Gun violence: The unheard feminist issue

“Regulate guns, not my body,” and “guns have more rights than women in the USA.” Messages like these can frequently be seen at recent protests across the country in light of the overturn of Roe and recent mass shootings. The recent shooting in Highland Park, Ill., marked one of the 300 mass shootings that occurred in the U.S. this year,  according to The Washington Post. Not a week has passed in the U.S. this year without at least four mass shootings. 

The conversation around gun violence and who it affects is often viewed from a political standpoint. DePaul alumni and author of “Hood Feminism,” Mikki Kendell, looks at the intersectionality of the current feminist movement and gun violence in her book. 

“Mainstream feminism has engaged with gun violence as an everyday occurrence in the lives of some women,” Kendall wrote in “Hood Feminism.” 

Kendall focuses on domestic violence and the way it disproportionately impacts people of color -specifically women of color. 

Every month, 70 women on average are shot and killed by an intimate partner, according to the Everytown Research and Policy

“The presence of a gun in a domestic violence situation makes it five times more likely that a woman will be killed,” Kendall wrote. 
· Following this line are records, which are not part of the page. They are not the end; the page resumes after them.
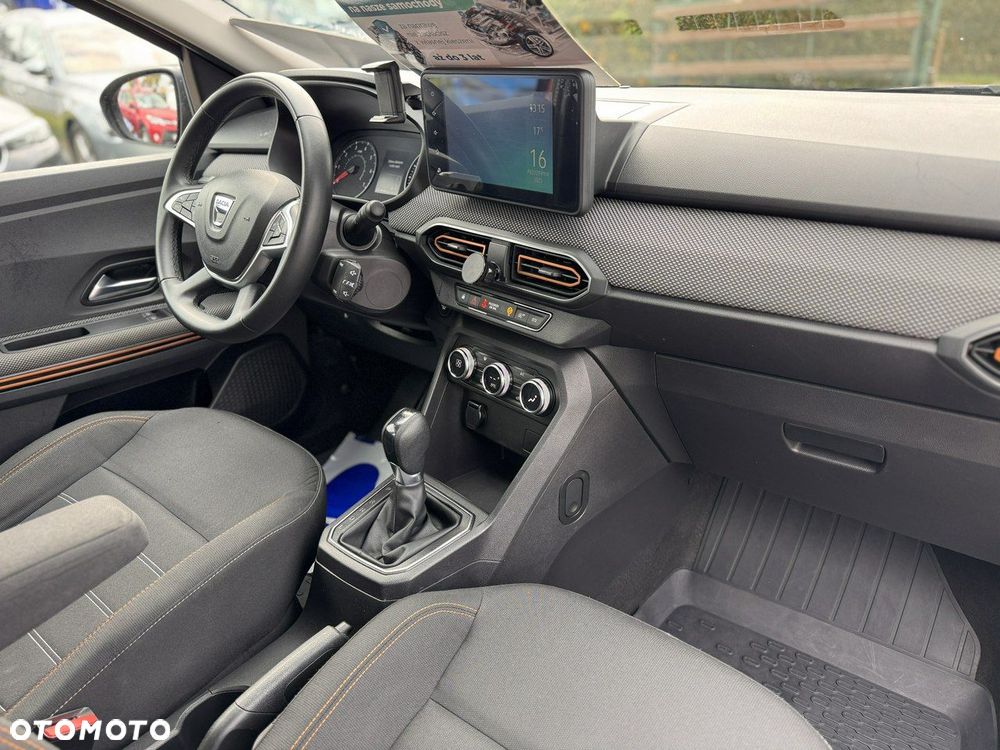 Dacia Sandero Stepway - 26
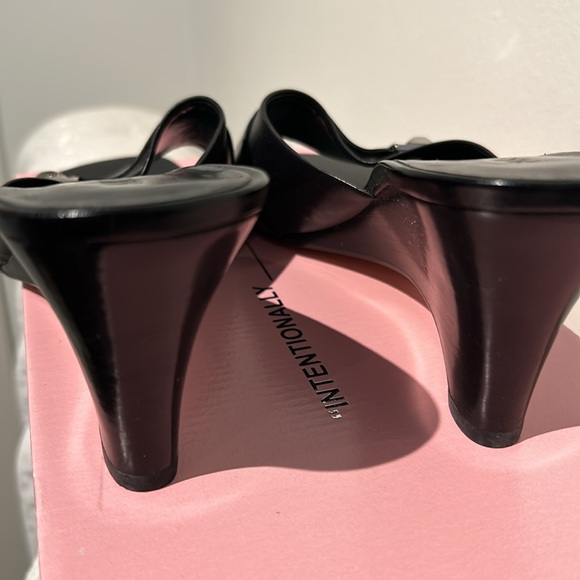 AK Anne Klein Wedge Sandals - Picture 3 of 4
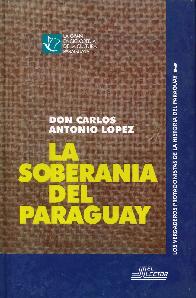 La Soberan�a del Paraguay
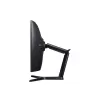Gaming Monitor Samsung LC27HG70QQUXEN 27" C27HG70QQU VA HDR 144Hz DP LC27HG70QQUXEN Curved 26.9" 2K, QHD Color:black - parallel importer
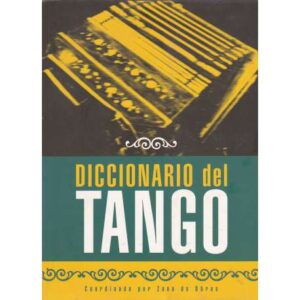 Diccionario del tango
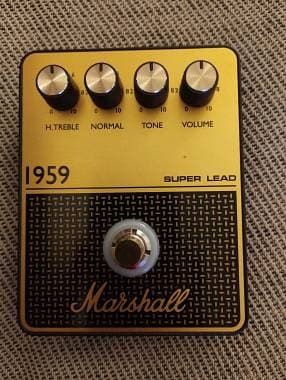Marshall 1959 Super Lead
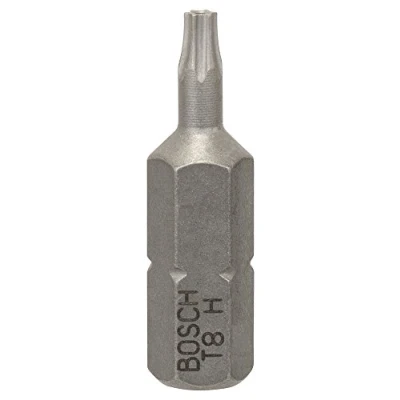 Image de Bosch Accessories 2608522007 Embout de vissage security torx qualité extra dure T8h 25 mm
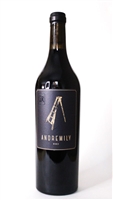 750ml bottle of 2020 Andremily Wines Grenache from Ventura California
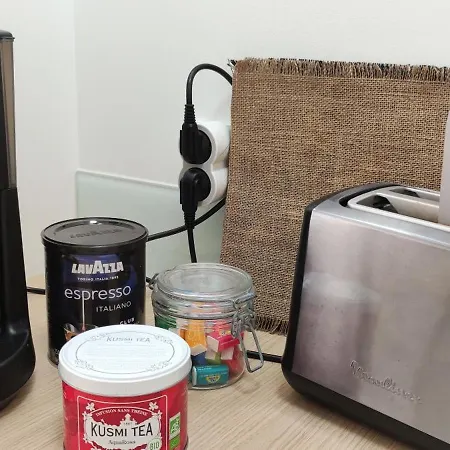 Appartement La Galerie - Maison Lotus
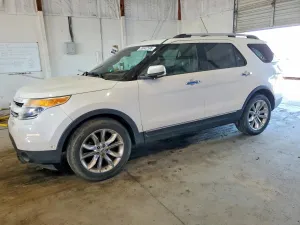 Ford Explorer 3.5L 6 2013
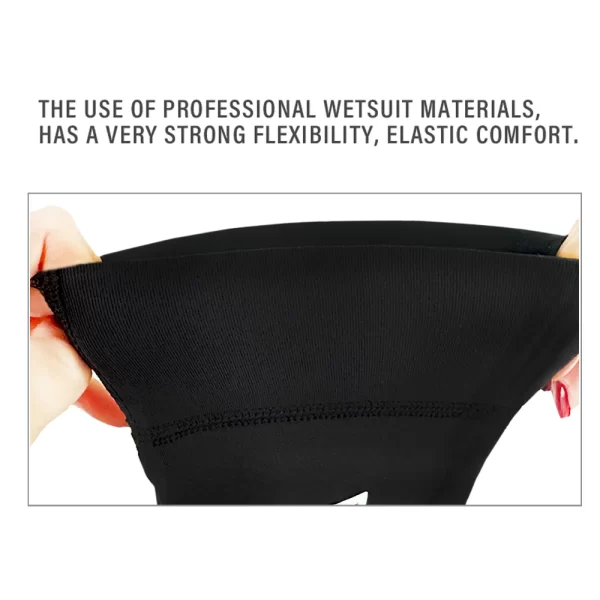 1.5mm/3mm/5mm neoprene meias de mergulho meias de praia wetsuit meias das mulheres dos homens natação quente botas antiderrapantes para esportes de água fria mergulho - Imagem 4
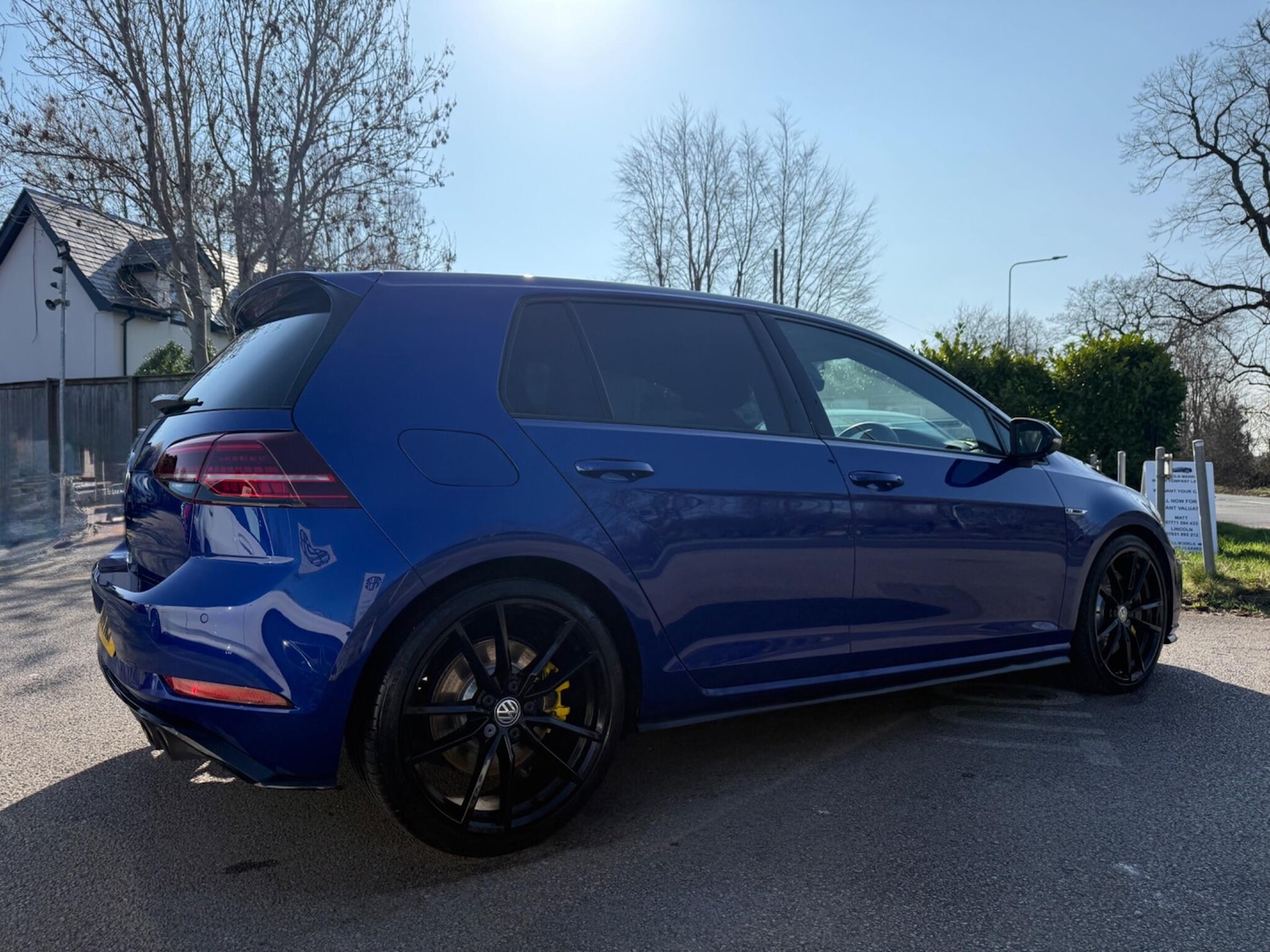 Used Volkswagen Golf 2020 for sale - 77768777: Photo 17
Growing up in Chicago, Kendall talks about the stereotypes around gun violence in the inner city, and who it affects the most. 

“We have been led to believe that conditions are so bleak in the inner city that there’s nothing left to protect or support… but the reality is that Chicago’s problem with gun violence is America’s problem with gun violence,” Kendall wrote. 

DePaul professor of bioethics and health humanities Craig M. Klugman mentions that most guns used in Chicago shootings are illegal.

“In 2022, Chicago gun deaths are actually lower than in the previous two years,” Klugman said. “The numbers are higher than they were in the first two decades of the 21st century but are trending down.”

Illegal gun use and lack of background checks are a concern to many. 

“I know a lot of my friends from the South Side are getting concealed carry permits in Chicago,” sophomore Nathan Albovias said. “I’ve asked them about it and they’ve told me about how owning a gun makes them feel safer. The problem is with criminals who either pass background checks or buy guns on the black market.” 

Over the past year, Chicago gun death statistics have been changing. 

Statistically, these numbers disproportionately affect people of color. Black men make up 53 percent of gun death victims in U.S. adults, according to Klugman. 

Black women account for 13 percent of women in the U.S, but they make up 20 percent of women fatally shot by the police, according to The Washington Post. 

“That’s what it means to be Black in America,” Kendall wrote. “That’s what it means to be a Black woman in America.”

“When an annoying new neighbor carries the risk of being shot, the question isn’t whether gun violence is a feminist issue; the question is why mainstream feminism isn’t doing more to address the problem,” Kendall wrote.

Strengthening state laws, prohibiting domestic abusers, focusing on enforcement of existing state firearm relinquishment laws and strengthening the federal background check system are policy practices to reduce this reality, according to Everytown Research and Policy. 

“As a culture, as feminists, as potential and actual victims, we’re often too socially and emotionally entangled with dangerous people to recognize the risk until it is too late,” Kendall wrote. “We need to support violence-intervention programs at all levels and not assume that gun violence is a systemic issue in the inner city and episodic everywhere else.”

YMCA Chicago, UCAN Chicago, Chicago Center for Youth Violence Prevention and the Institute for Nonviolence Chicago are some of the many violence prevention programs in the city. 

The Institute for Nonviolence Chicago has different nonviolent prevention programs, such as victim services, nonviolence training, workforce development, community organizing, behavioral health and wellness and case management and reentry. 

“It’s time to treat gun violence like a feminist issue,” Kendall wrote. “We will either work to make it possible for all of us to be safe from gun violence or none of us will be.”